New teachers can’t find permanent jobs
Ms Gilruth also said today that more newly qualified teachers should be encouraged to use the “preference waiver scheme” to be posted anywhere in the country - which comes with a financial incentive - as she did when she qualified as a teacher in 2008-09.
She said: “You’re not guaranteed a job on qualification, you have to go out there and look for one. You have to apply to a range of different local authorities, that’s exactly the pathway that I followed.”
Teachers are “more expensive to employ” than they were in 2021, the education secretary said as Scottish government statistics for 2024-25 showed that only one in four newly qualified teachers secured a permanent job: 2,294 NQTs completed their probation year, but only 568 got a permanent post.

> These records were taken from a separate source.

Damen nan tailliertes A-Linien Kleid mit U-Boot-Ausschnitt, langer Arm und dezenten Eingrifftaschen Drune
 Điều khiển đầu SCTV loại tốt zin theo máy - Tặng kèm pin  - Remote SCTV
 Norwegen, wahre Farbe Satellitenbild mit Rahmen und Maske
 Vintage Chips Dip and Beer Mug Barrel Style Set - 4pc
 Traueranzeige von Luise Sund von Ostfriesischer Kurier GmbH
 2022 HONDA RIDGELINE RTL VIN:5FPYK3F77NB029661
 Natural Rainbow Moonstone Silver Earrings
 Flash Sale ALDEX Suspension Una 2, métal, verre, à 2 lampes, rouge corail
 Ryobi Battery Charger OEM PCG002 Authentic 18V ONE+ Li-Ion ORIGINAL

Of those who did not find permanent work, 1,015 are in temporary or fixed-term contracts.
Speaking on BBC Radio Scotland this morning, Ms Gilruth said: “We do think meeting...teaching unions’ expectations on teacher pay was the right thing to do, but it has cost the government in excess of £800 million since 2021, so we recognise that challenge.”
She added: “Teacher numbers across the board since 2014 have increased. They are increasing in the past year alone, thanks to extra funding that we put in last year’s Budget that was protected for this purpose.”
The Scottish government said in its 2021 manifesto that it would reduce teacher workload by employing 3,500 additional teachers and reducing maximum class-contact time to 21 hours per week, from 22.5 hours.
Failure to deliver that policy has been heavily criticised by unions, which have been balloting members over strike action on workload.
‘Protected funding’ for teacher numbers
Ms Gilruth said the government’s independent modelling showed that teacher numbers in 2023 were sufficient to deliver the class-contact commitment.
“That’s why last year I protected funding in the Budget. It was enhanced for councils to protect teacher numbers and bring them back to 2023 levels,” she said.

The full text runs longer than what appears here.